X_train, X_test, y_train, y_test = train_test_split(
    X, y, test_size=0.3, stratify=y, random_state=42
)

# Logistic Regression pipeline
logreg_pipeline = Pipeline(steps=[
    ('preprocess', preprocessor),
    ('model', LogisticRegression(max_iter=1000))
])

# Gradient Boosting pipeline
gb_pipeline = Pipeline(steps=[
    ('preprocess', preprocessor),
    ('model', GradientBoostingClassifier())
])

models = {
    'LogisticRegression': logreg_pipeline,
    'GradientBoosting': gb_pipeline
}

for name, pipe in models.items():
    pipe.fit(X_train, y_train)
    y_pred = pipe.predict(X_test)
    y_proba = pipe.predict_proba(X_test)[:, 1]
    auc = roc_auc_score(y_test, y_proba)
    print(f"\n=== {name} ===")
    print("AUC:", round(auc, 3))
    print("Classification Report:\n", classification_report(y_test, y_pred))

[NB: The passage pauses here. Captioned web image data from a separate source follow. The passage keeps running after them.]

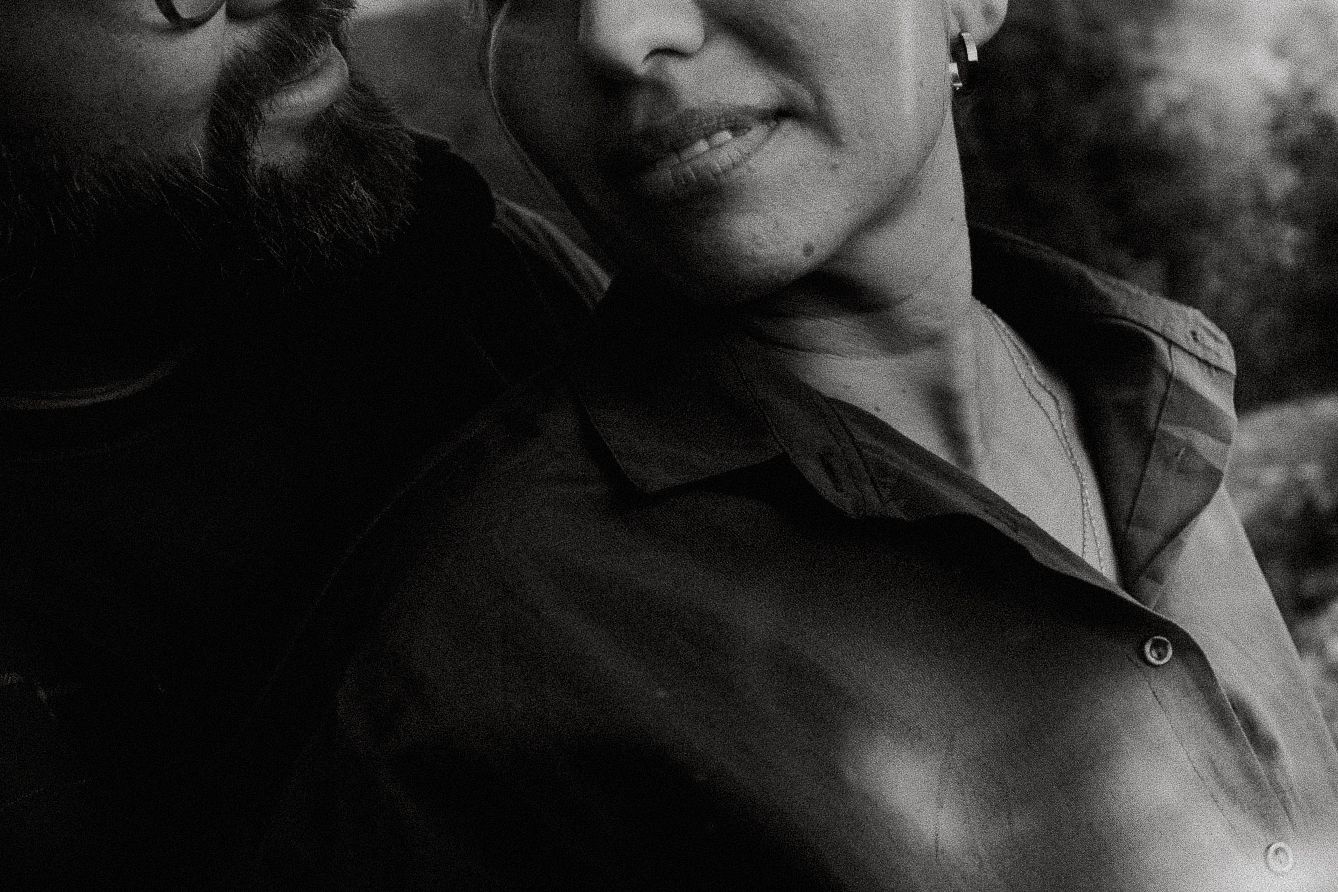 Black and white close-up portrait of a couple embracing outdoors, man with beard nuzzling woman wearing a dark shirt.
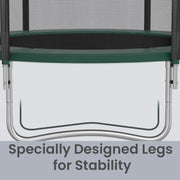 Close-up of the curved silver legs supporting the green trampoline frame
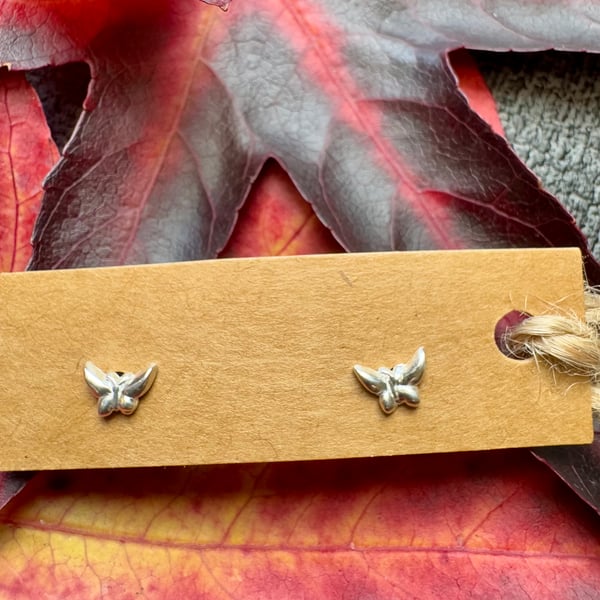 Tiny little silver butterfly stud earrings 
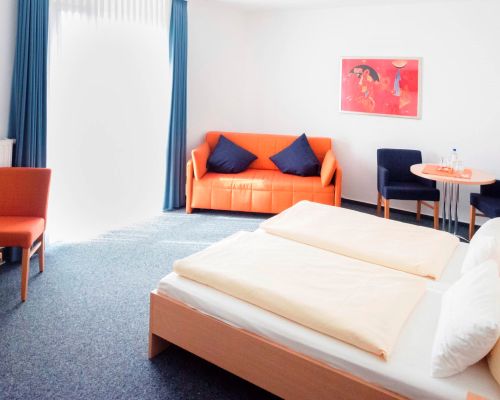 Standard-Dreibettzimmer mit Doppelbett, orangefarbenem Sofa, kleinem Tisch und Fensterfront.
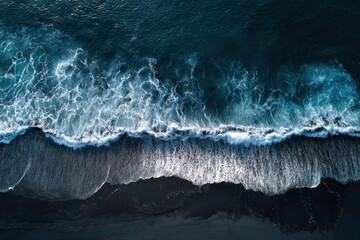 Wall Mural - Waves crashing on black sand beach captured from above during midday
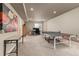 Finished basement offering a ping pong table, workstation, and ample recreational space at 6690 S Fenton St, Littleton, CO 80123
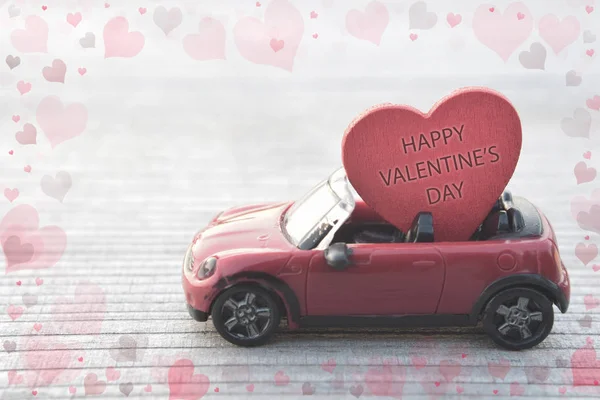 Red toy car delivering Valentine's day heart on blurred wooden background with copy space for text or message greeting card illustrated transparent hearts around.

## 4. Evaluation: ROC Curve

In [None]:

best_model = gb_pipeline  # choose based on AUC above
RocCurveDisplay.from_estimator(best_model, X_test, y_test)
plt.show()


## 5. Save Model Artifact

In [None]:

model_path = "/mnt/data/gb_sla_breach_model.pkl"
joblib.dump(best_model, model_path)
print("Model saved to:", model_path)



### 6. Next Steps
* Integrate with live SharePoint data via Power Automate.
* Schedule daily inference job and write predictions back to a risk‑monitoring list.
* Enhance feature set with rolling backlog metrics and requester metadata.
* Perform hyper‑parameter tuning (e.g., `GridSearchCV`) for production deployment.